Dataset records:
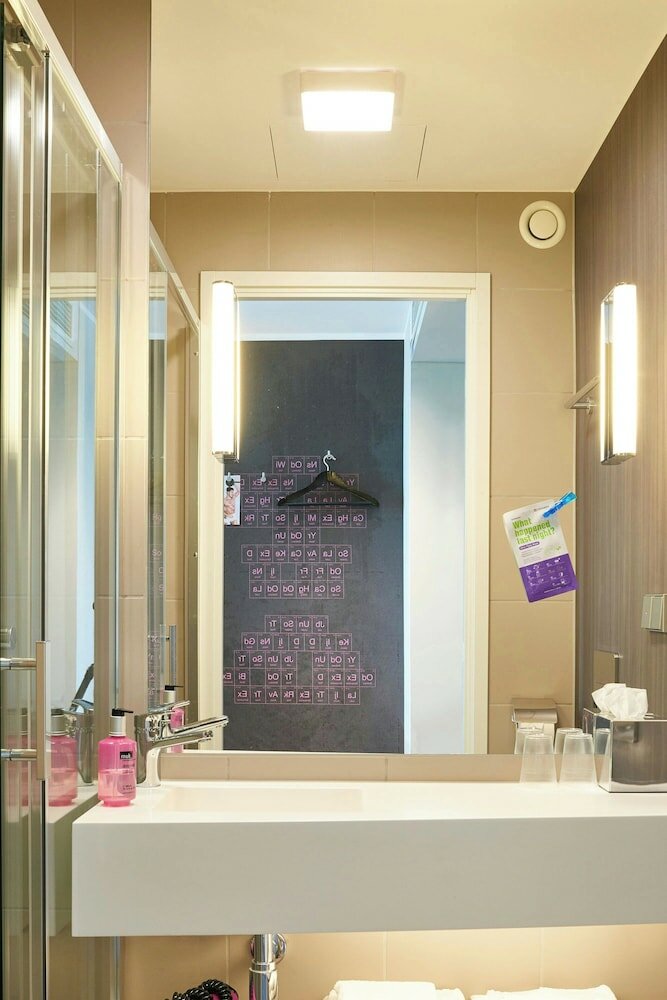 Фото Moxy Milan Linate Airport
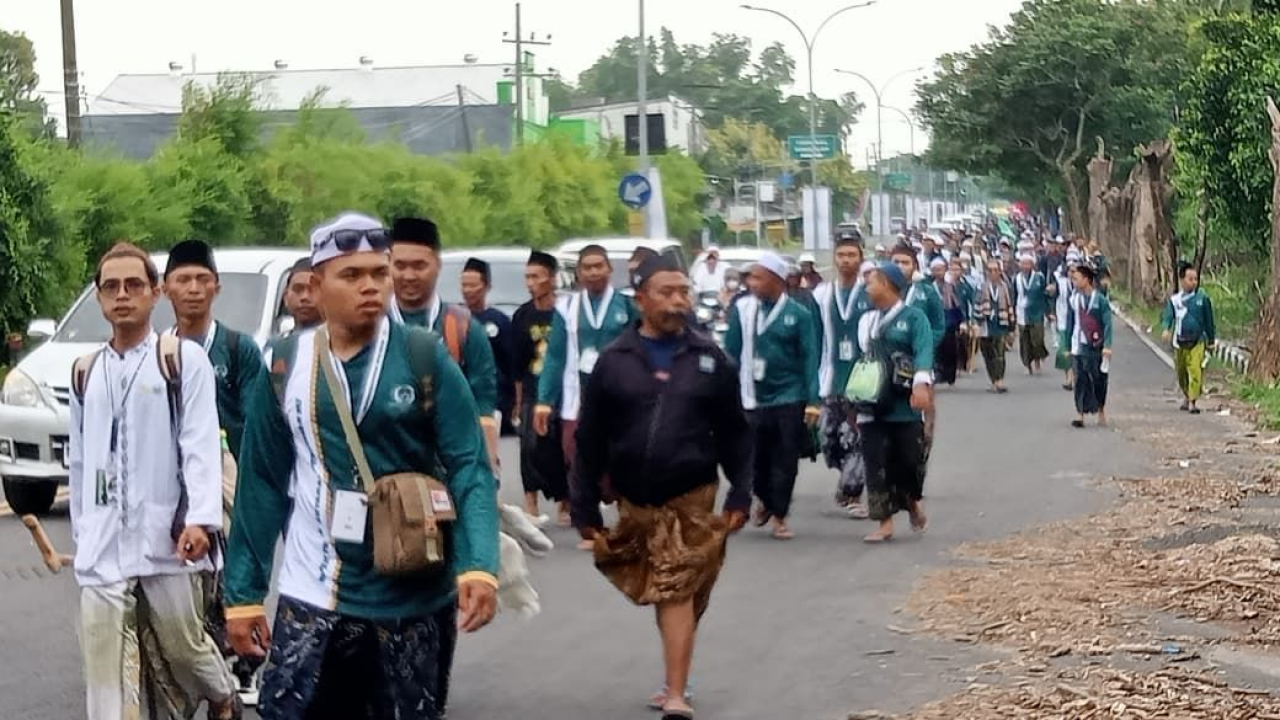 Ribuan Jamaah Jalan Kaki Napak Tilas Pendirian NU di Bangkalan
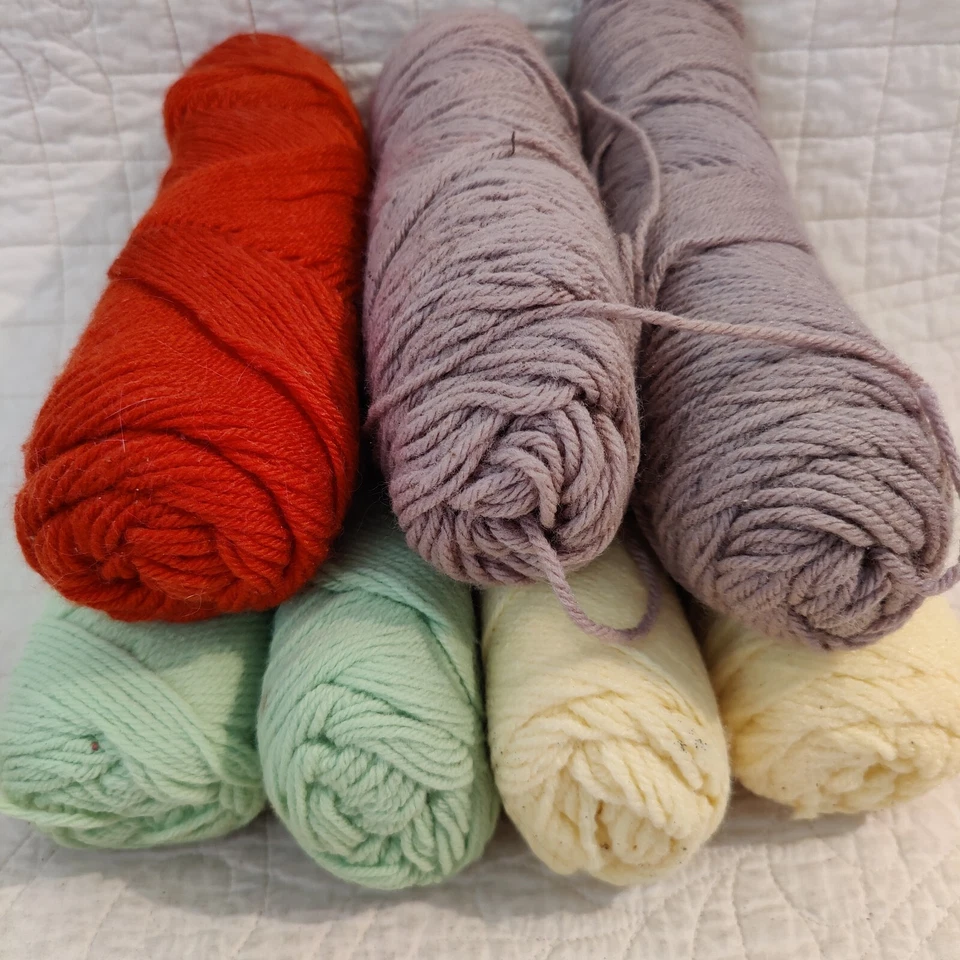 Mixed Lot of 7 Vintage Spundola DuPont Medium Weight #4 Yarn 85g 3oz Skeins - Image 3 of 4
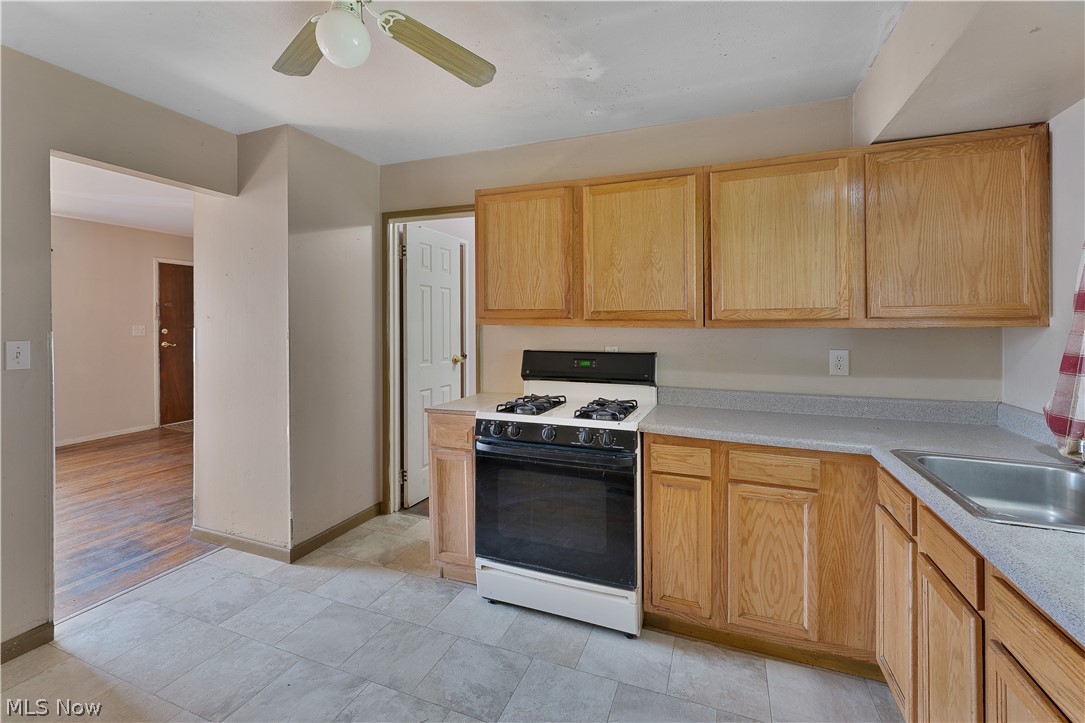 4465 Burkey Road Youngstown, OH 44515 - Photo 14 of 21 Gallery Image 14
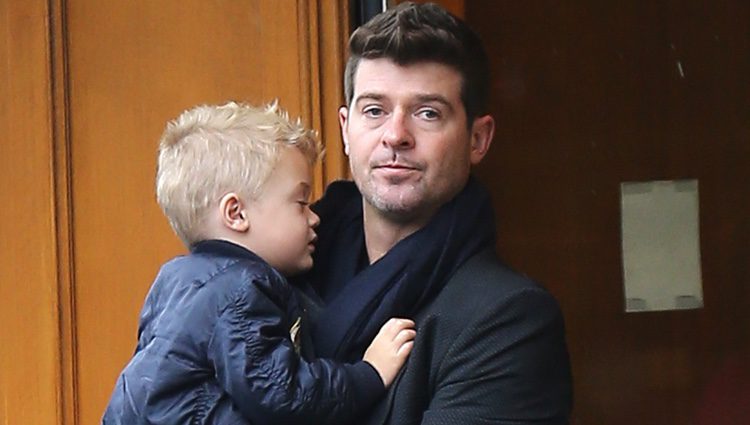 Robin Thicke con su hijo Julian en París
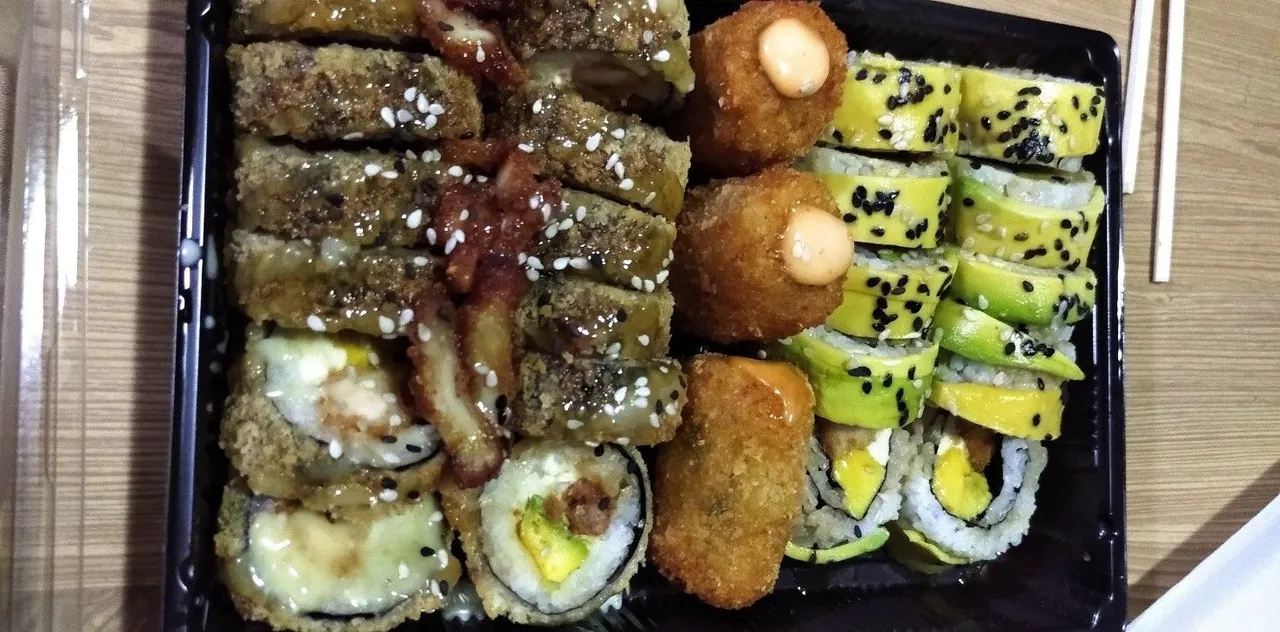 sushi.jpg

WHAT IS REQUIRED | Print each entry exactly, leaving pictures out.

ANSWER FOR THE TASK |
 Фото Moxy Milan Linate Airport
 Ribuan Jamaah Jalan Kaki Napak Tilas Pendirian NU di Bangkalan
 Mixed Lot of 7 Vintage Spundola DuPont Medium Weight #4 Yarn 85g 3oz Skeins - Image 3 of 4
 4465 Burkey Road Youngstown, OH 44515 - Photo 14 of 21 Gallery Image 14
 Robin Thicke con su hijo Julian en París
 sushi.jpg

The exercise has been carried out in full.